Tuesday, October 1, 2013

Reading James E. Cherry

In 2005, I read James E. Cherry's Bending the Blues (2003), and I was pleased to add his work to my growing collection of contemporary poetry. A few years later, I read the manuscript and actually wrote a blurb for what would become his volume Honoring the Ancestors (2008). Now, I've just read his latest volume Loose Change (2013).

Cherry has been a productive writer over the years. In addition to those three volumes of poetry, he also published a novel Shadow of Light (2008) and a collection of short stories Still A Man and Other Stories (2011). Now that I think about it, his interests as a prose writer and storyteller were evident to me while reading Loose Change

Several of the poems in his latest volume operated as short, short stories, or really these poetic sketches of a moment or reflection.  In one poem, he's writing about the funeral of a nephew. In another poem, he's writing about a conversation with a young, college-age niece as she reveals that she is pregnant by a man in his forties. He writes about new and old neighbors; he writes about music and musicians; and through it all, he writes about being middle aged in this volume.

The volume, in fact, closes with a 10-part series, "Meditations in Middle Age." In one of those poems, he mentions reading obituaries in the daily newspaper where he recognizes the names of
elders who advised me,
playmates who were friend and foe
on athletic fields and young people whose names
should appear on high school diplomas
instead of the rolls of mortuaries
He admits that he has even developed a habit of searching "for my own name / between the Op Ed page and the sports section."

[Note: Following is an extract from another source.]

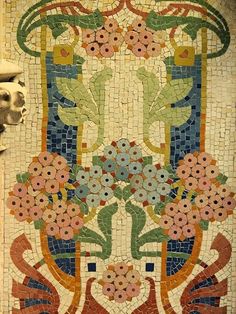 a dog is standing next to a mosaic tile wall with flowers and leaves on it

Cherry's skill at turning seemingly casual observations into some intriguing idea or a vivid image by the end  makes reading his poems especially rewarding. Like many of the poets that I've followed for several years, I'm inclined to go back and re-read past books at the moment I encounter a new one. So over the last month, I've been moving back and forth from Loose Change to Honoring the Ancestors to Bending the Blues and back again.